Il festival si apre con la sinfonia concertante per oboe, fagotto, violino, violoncello e orchestra di Haydn e con l’«Eroica» di Beethoven, dirette da Haitink. Domani incrocio di classici e autori del Novecento…
Petrilli: «Saranno diversi concerti di musica da camera, sempre al Manzoni, alle 17. Eseguiremo il “Sestetto per fiati in mi bemolle maggiore” di Beethoven e il “Quintetto per archi n. 4 in sol minore” di Mozart, ma anche due brani d’ispirazione letteraria “Scrivo in vento” per flauto solo di Elliott Carter, dal sonetto di Petrarca, legato al contrasto tra uomo e natura, e “Sei metamorfosi da Ovidio” di Britten».
Uscirete anche dalle sedi canoniche?
Senese: «Ci sarà un concerto off sabato sera al bar Ducati di via D’Azeglio. Domenica mattina porteremo formazioni da camera a Palazzo Isolani. E ci dedicheremo alla formazione: sabato pomeriggio terremo un laboratorio per bambini».
Domenica l’ultimo concerto
Senese: «Con l’ouverture dal “Sogno di una notte di mezza estate” di Mendelssohn, il “Concerto per pianoforte e orchestra in mi bemolle maggiore” di Mozart, con Martin Helmchen al pianoforte, e la “Sinfonia n.5” di Schubert, sempre al Manzoni alle 17».
Quanto è importante Bologna per un’orchestra internazionale come la vostra?

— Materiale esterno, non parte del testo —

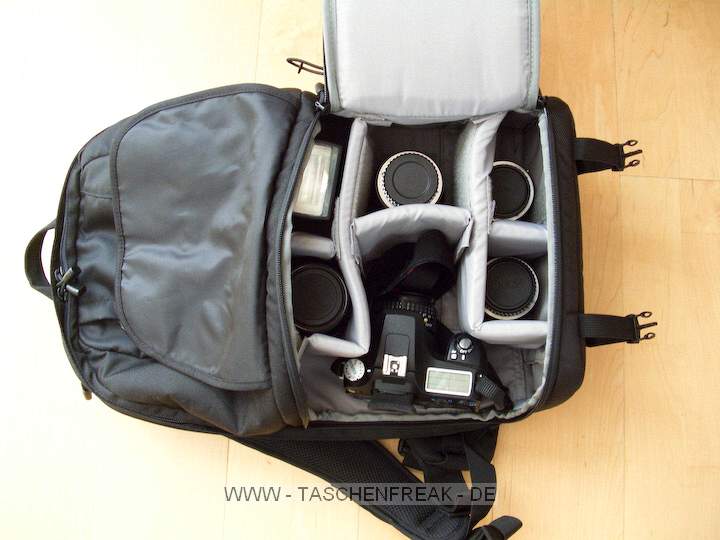 LOWEPRO FASTPACK 250\n\nFoto von Maximilian Schirmer - VIELEN DANK!\n\nKommentar des Nutzers:\n\nLowePro Fastpack 250\n\nDies ist mein erster Fotorucksack und auch meine erste Tasche von LowePro, das sollte ich eingangs vielleicht erwhnen, damit man meine Beurteilung einordnen kann. Ich werde den Fastpack im (Uni-)Alltag einsetzen, deshalb ist das Laptopfach Pflicht. Oft habe ich mich gergert, dass mein vorheriger Rucksack (Jack Wolfskin Brainstorm) die Kameraausrstung erst nach einiger Kramerei erreichbar machte. Dadurch habe ich so manche Chance auf ein schnes Foto verpasst und erhoffe mir vom Fastpack eine deutliche Verbesserung in Hinsicht auf den Schnellzugriff auf die Kamera.\n\nDer Rucksack ist extrem gut verarbeitet. Alle Reissverschlsse gehen butterweich und sind wohldurchdacht platziert. Das Laptopfach (fr Gerte bis 15.4 Zoll Widescreen) ist gut gepolstert, die Verwendung einer zustzlichen Neoprenhlle ist aber evtl. zu empfehlen.\n\nIm oberen Daypack-Fach lassen sich mhelos berlebensnotwendige Kleinigkeiten wie GPS-Logger, Taschenmesser, Netzteile, Notizbuch, Stifte oder Ausrstungsgegenstnde (kleines Stativ, Akkus, Speicherkarten, ...) verstauen. Eine Regenjacke findet auch ihren Platz. Der Boden, welcher das Daypack zur Fotoausrstung abtrennt, ist sehr solide und dick. Hier lassen sich also auch schwerere Gegenstnde unterbringen und eine ausgelaufene Flasche wird wohl nicht zu schnell die Kameraausrstung fluten. Auch wenn LowePro keine Regenhaube mitliefert, so ist eine entsprechende Unterbringungsmglichkeit im Deckel des Daypacks jedoch vorgesehen.\n\nDas Ausrstungsfach ist gestaltet wie bei den Slingshots und lsst sich recht variabel konfigurieren. Meine 5 Objektive (16/2.8, 28/2.8, 50/1.7, 135/2.8, 18-55 3.5~5.6) plus Kamera (Pentax K110D) und Blitz (Pentax AF360-FGZ) finden locker Platz, je nach Bauform lassen sich mindestens noch 3 bis 4 weitere verstauen. Auch ein Batteriegriff wrde kein Problem darstellen und passt noch locker an die verstaute Kamera.\n\nIch habe bemerkt, dass der Rucksack die Last extrem gut verteilt, die angenehm gepolsterten Trageriemen lassen auch lngere Touren mit voller Beladung zu, der Bauchgurt hilft zustzlich.\n\nNimmt man den Rucksack nur mit dem linken Trageriemen auf den Rcken, so lsst er sich in Slingshotmanier nach vorn ziehen und gestattet direkten Zugriff auf das Kamerafach.\n\nDer Fastpack 250 bietet zudem eine Vielzahl kleiner Fcher, die das sortierte Verstauen von Kleinteilen wie Akkus, Filter, Speicherkarten usw. extrem erleichtern. Mit meiner Ausstattung ist er wahrscheinlich nicht mal annhernd an der Grenze seiner Kapazitt.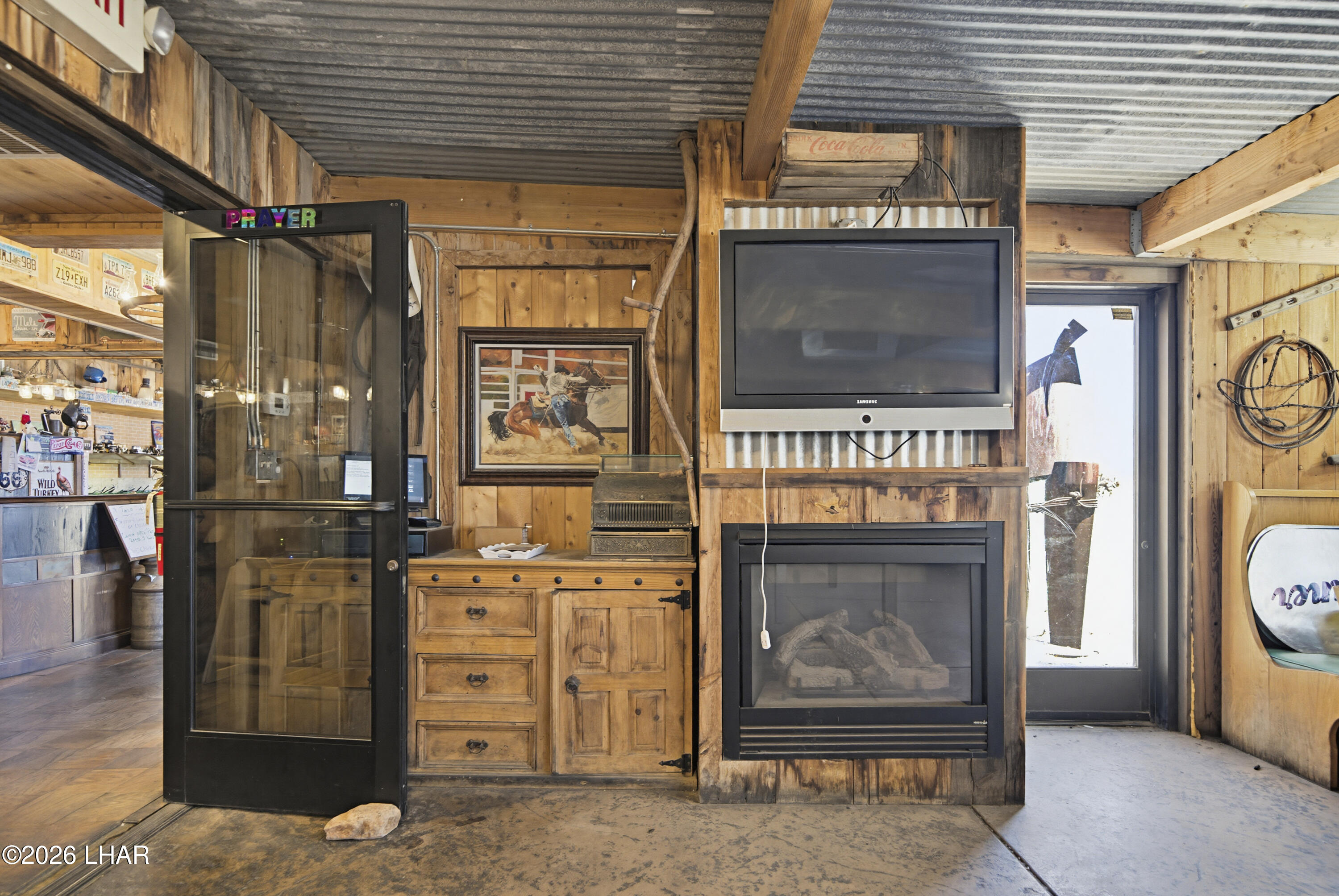 4501 N London Bridge Rd Property Photo 12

Senese: «Siamo nati e cresciuti in questa città. Siamo legati alla Filarmonica, è la nostra casa. Qui abbiamo un pubblico che si segue e ci adora. Anche i musicisti stranieri si sentono parte della città. Per questo abbiamo pensato col festival di invadere Bologna di musica, per ricambiare l’affetto di questa che consideriamo la nostra casa».